We are all a work in progress. As much as some might think they are, nobody is born perfect. This applies to all layers of life, especially parenting.
We’ve all been there, childless, watching parents with their kids and either saying it out loud or only thinking that we will never to this or that. We might even have been brave (or shall I say overconfident) enough to lend advise. Advised that was based on how we THOUGHT things should be rather than what we KNEW worked for us.
I’ve been there too. I’m no saint. I watched parents and shook my head, thinking how much better I would handle the situation. I judged parents for “parking” their kids, little kids, in front of a portable DVD player or some other device in order to have a conversation under adults. It made angry to see parents give in when the child was having a fit and buying that lollie at the cashier. It made me feel sick in the stomach watching parents feeding their child junk food because it was refusing to eat the healthy vegetables.
I’m still no saint. But today I’m a wiser no-saint than I was back then. Parenting is actually so much more about learning than what I would have thought. It taught me. Life taught me. Parenting taught me. Trying hard to be a good parent taught me.
The lesson I learned as a parent is that sometimes all the good intentions you had, all the plans you made are faster out the window than lightning strikes.
My first born was an extremely picky eater and he did not eat much. It drove me crazy, especially being my first child. So more often than I’d like to admit I let him have the fries instead of standing my ground. I took him out of his bed and cuddled with him until he was asleep so many times instead of letting him cry (something I still don’t agree on). We let him watch his favorite TV shows on whatever device in order for us both to sit down and enjoy a meal together. A meal that was still hot when eating it. We let him watch his TV show so we could end our conversation. A conversation we had started so many times but never managed to get to the point.

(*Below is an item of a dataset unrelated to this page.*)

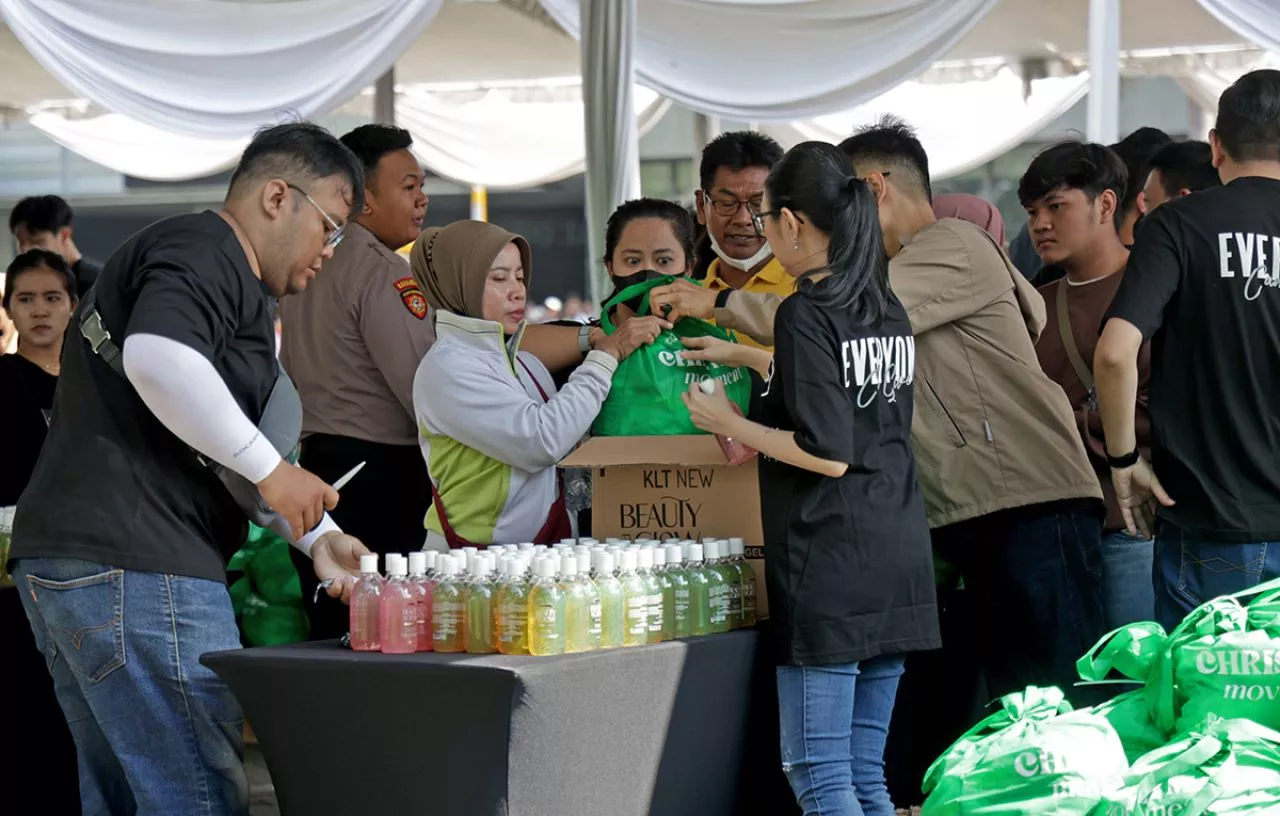 Kolab Pemkot, Mawar Sharon, dan Polri Hadirkan Berkah Natal bagi Warga Surabaya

Both of my kids brought me to the point I gave in more than once. And sometimes I still cave in from time to time.
I bought them their lollies at the cashier. Not because they were throwing a tantrum for not getting it but because they kept asking. And asking. And asking. And asking why not. And asking again. And at one point, on a day you don’t feel up for telling no over and over again, you give in. It might be the only day you ever give in.

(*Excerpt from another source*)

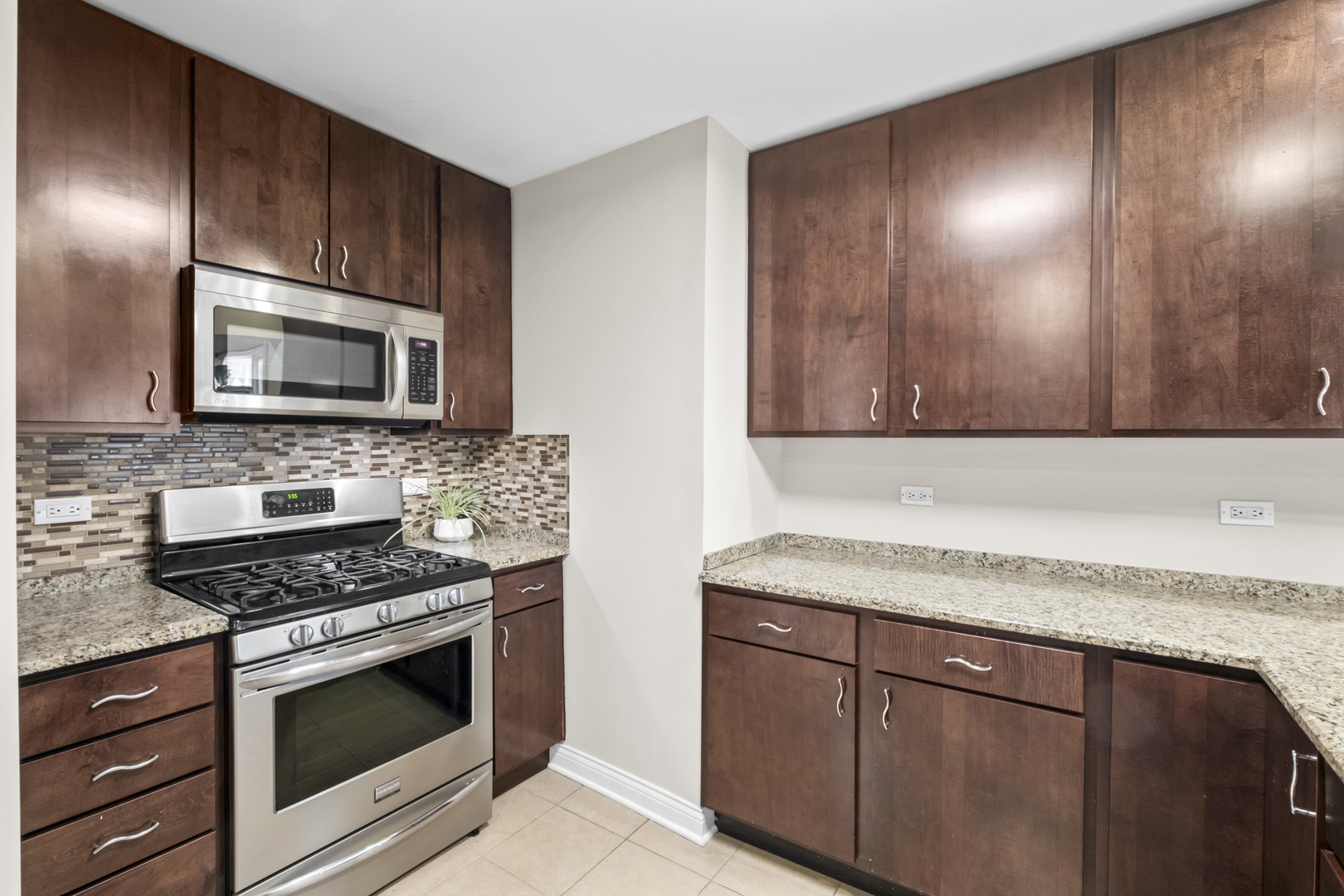 3952 Oak Avenue, Northbrook, IL 60062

Then, in that very moment, the only moment you give in, the one day you can’t keep saying no, the day you are just too tired of arguing, you get judged. Judged by the woman behind you in the queue. That woman who is yet to become a mother but thinks she knows everything. The woman who thinks it’s all a walk in the park. The woman who thinks she will walk out the hospital ready to exercise again, fitting in her pre-pregnancy cloths right after giving birth. The woman who thinks she will never be exhausted, never not manage to shower, never cry, never have vomit all over her or will never have to deal with a tantrum. The woman who thinks she will never “let herself down” to the level she looks like she just escaped a train wreck…
On a good day, you just look at that woman and smile at her with that knowing smile. Maybe even with a feel sorry smile. Knowing that you once were that woman too.
But, wow, life taught you differently!
There is no manual for parenting. Just like education there is no right or wrong. No one way fits all. Every child is different. Every adult is different. Every combination of parent and child is different. So it needs a different approach. And believe me: Sometimes you just don’t want to argue anymore. Not over lollies, not over broccoli, not over fries, chocolate or ice cream. Not over fruit, not over cloths or shoes or socks. Sometimes the time is right to just give in. Sometimes the time is right for that device, to “park” the children in front of a TV. Just for keeping you marbles in line. Just to finish a conversation for once. Just to know they ate something.
Will it do any harm? I doubt it.
My children know their limits. They know that a “no” is a “no” even if I gave in at times. They love eating vegetables and fruits, they enjoy a balanced diet. They play, they are outside, they read, they have good teeth and they are healthy. So far, so good.
What they also learned over the years is, that parents are no super humans. They learned that we have our flaws too, that we reach limits as well and that sometimes we crash land. I believe it’s not a bad lesson for them to learn.
So to all you wonderful people out there who have not had the pleasure yet to become a parent, to be a mother or a father: Consider that the situation will feel completely different once you are actually in it. Things look so much easier from the outside. If you actually manage one day to raise your children without giving in on occasions and without once admit to yourself that you would have never thought parenting will push you over that point, then let me know…
For all you moms out there that have caved in, made mistakes, felt bad about it on occasions but learned your lesson and all your kids and yourself survived anyway: High five, sister!